PROVIDED MATERIAL:
=-=-=
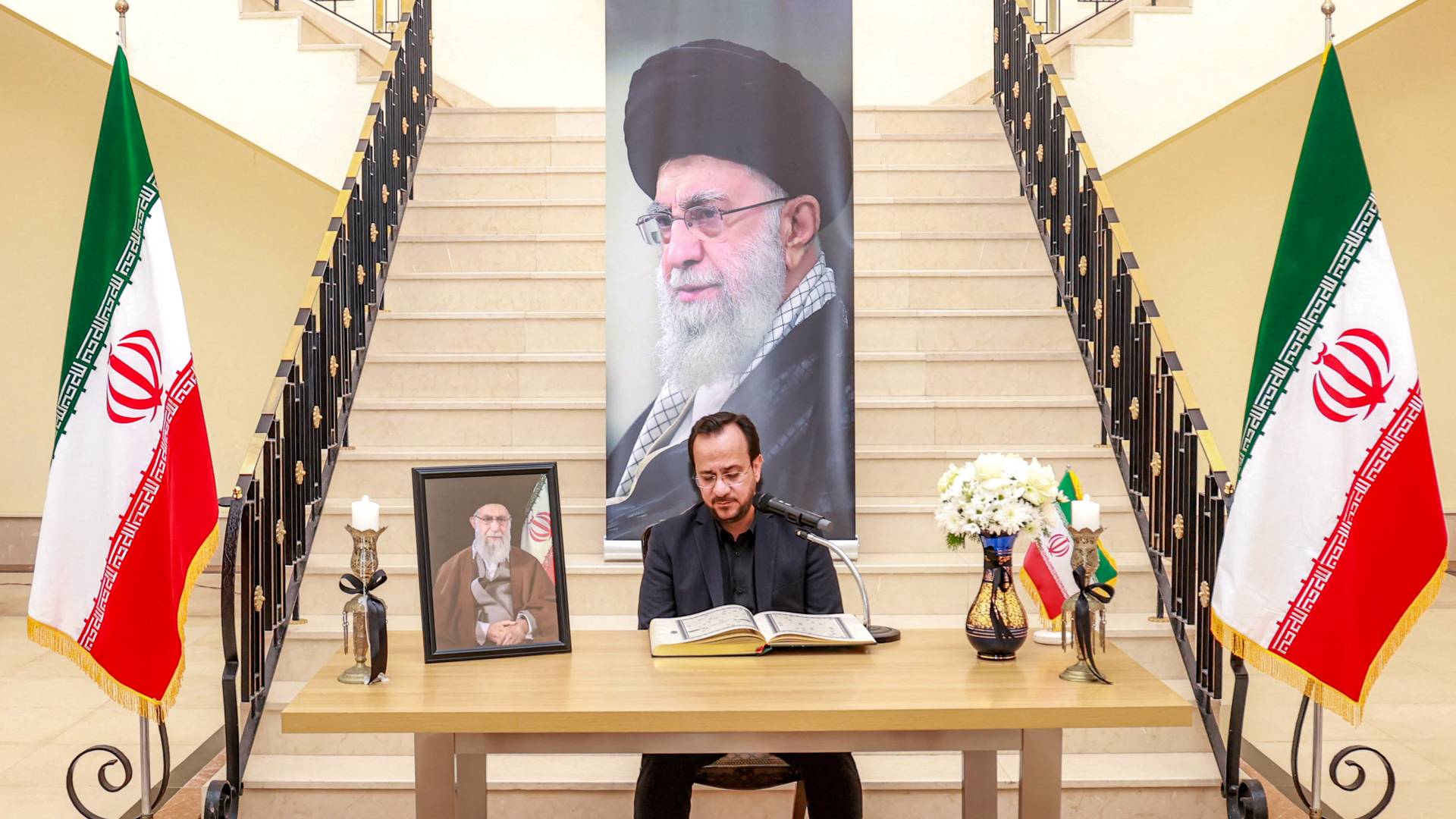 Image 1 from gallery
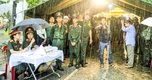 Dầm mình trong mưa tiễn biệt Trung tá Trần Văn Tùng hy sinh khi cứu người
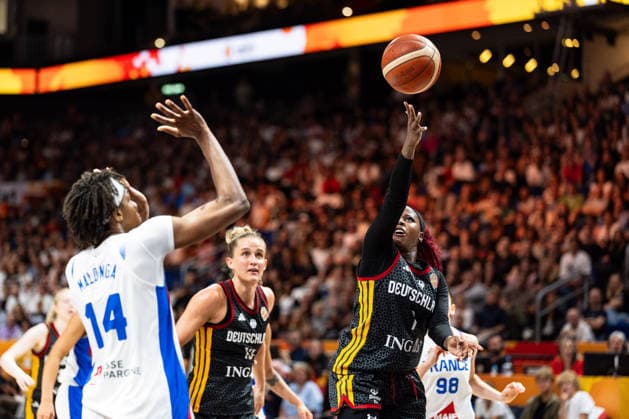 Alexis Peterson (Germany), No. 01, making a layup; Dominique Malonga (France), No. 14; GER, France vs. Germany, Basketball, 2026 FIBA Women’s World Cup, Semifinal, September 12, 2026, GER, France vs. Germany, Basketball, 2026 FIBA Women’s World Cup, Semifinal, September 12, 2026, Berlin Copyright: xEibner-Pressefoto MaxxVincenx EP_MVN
=-=-=
EXERCISE REQUIREMENTS: If you see a picture in the listing, skip it while copying everything else exactly.

TASK ANSWER:
 Image 1 from gallery
 Dầm mình trong mưa tiễn biệt Trung tá Trần Văn Tùng hy sinh khi cứu người
 Alexis Peterson (Germany), No. 01, making a layup; Dominique Malonga (France), No. 14; GER, France vs. Germany, Basketball, 2026 FIBA Women’s World Cup, Semifinal, September 12, 2026, GER, France vs. Germany, Basketball, 2026 FIBA Women’s World Cup, Semifinal, September 12, 2026, Berlin Copyright: xEibner-Pressefoto MaxxVincenx EP_MVN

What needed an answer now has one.